On Aug. 4, in a 12-hour operation, Stone carefully implanted a strip of electrodes on either side of this structure, guided by live, high-resolution MRI imaging. Each electrode had four contact points where stimulation would be applied.

“These areas are close to a number of critical points that we needed to avoid,” says Stone. ”If an electrode is not in the right place, Timothy could experience trouble seeing, moving or feeling the opposite side of his body.”

The team also implanted a neurostimulator in Timothy’s chest, together with the connecting wires. Two days later, Tim went home to heal.

Going electric

A month later, on Sept. 2, Waugh and Stone turned on the neurostimulator for the first time, applying a small device to his chest.

“We turn on each contact point one at a time and slowly ramp up the voltage,” explains Waugh. “When we find the areas where stimulation is best tolerated, we see how high we can push the stimulation before there are side effects. It’s like mapping out a ‘do not fly’ zone.”

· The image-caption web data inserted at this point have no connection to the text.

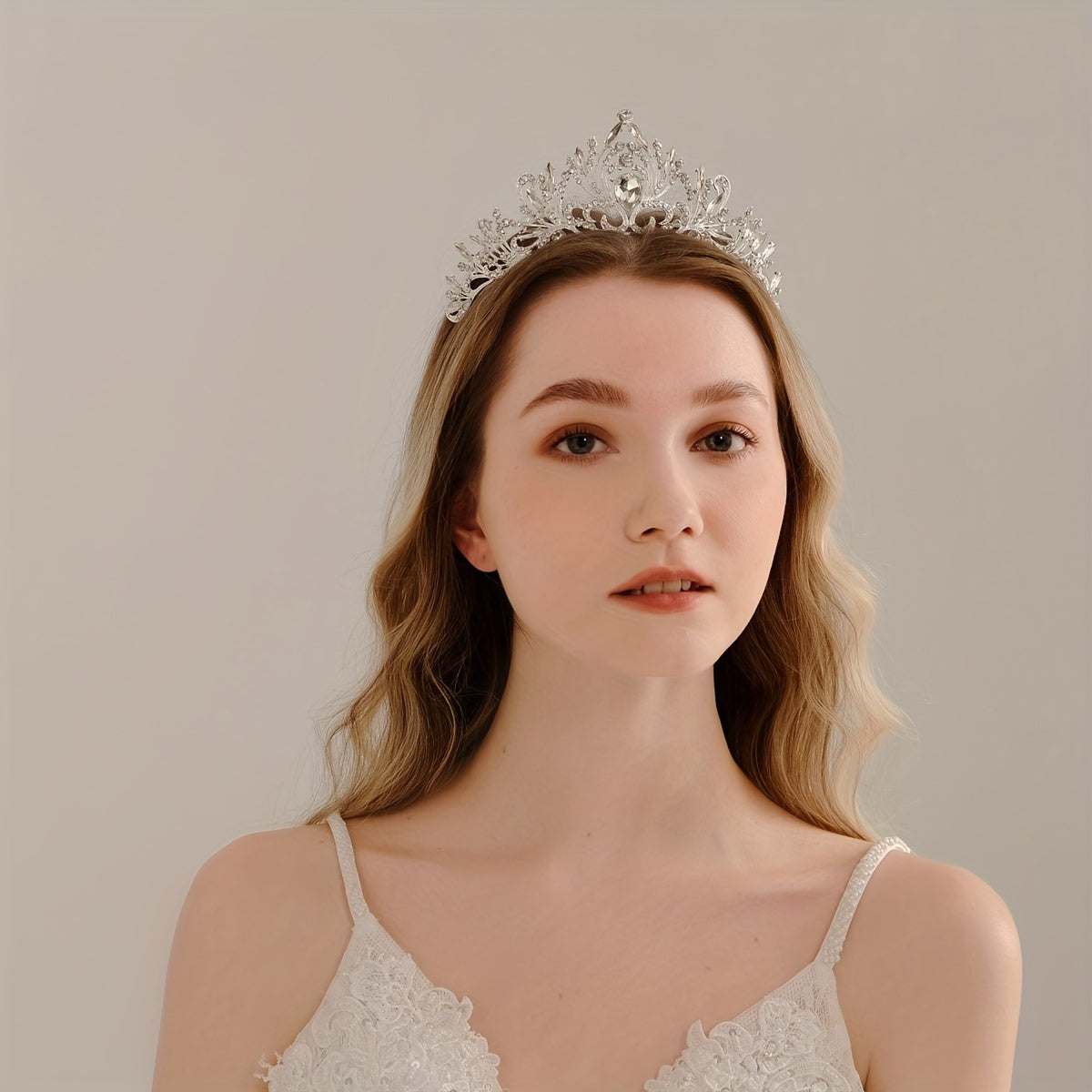 Vintage Silver Bridal Crown Stone Wedding Crown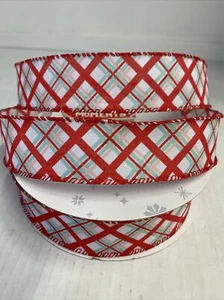 Merry Moments Wire Edge Ribbon 1.5”X 75’ Red Pink Green Plaid Christmas - Picture 1 of 6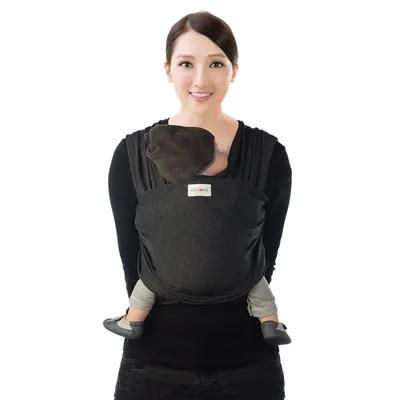 Sistem de purtare wrap elastic Tricot Slen Design Babylonia Black Stipple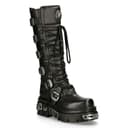 New Rock 272-S1 Bottes Hautes Gothiques Emo en Cuir Noir Métallisé Avec Lacet et Fermeture à Boucle 6.5 - 1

In Tim’s case, two or three of the eight contacts caused side effects when turned on — slurred speech, twitching lip, facial numbness. One left-sided contact caused the whole right side of Tim’s face and neck to flush bright red, so Waugh pulled back.

At home after the visit, things had clearly changed. “I noticed an immediate difference — there was less of a movement,” Tim says. “I could drink from a cup without a straw.”

On a repeat water test, he did 10 pours before spilling, holding a hand to his mouth to stabilize his neck, as you can see on this video.

On Oct. 7, Waugh increased the electricity slightly in two of the contacts. Tim will return for another adjustment on Nov. 18 and will continue to have adjustments as needed.

“It can take one to two years to really find the best combination,” Waugh says. “Tim is among the fastest responders I’ve had, and if I made no more changes, he would probably get a little better over time. It takes time for the brain to start responding to the stimulation.”

It’s only partially understood how DBS leads to improvement in movement disorders. As neurologists gain more experience with DBS, they may get a better understanding of how these deep brain areas work and how the stimulation provides benefit.

The Froios feel they made the right decision. In drawing, Tim’s hand is steadier. “I’m doing a lot of things easier,” he says.

“He still has the movements, but they’re not even half as strong — he’s no longer flinging stuff all over the place,” says Cheralyn. “He doesn’t get frustrated as much anymore.”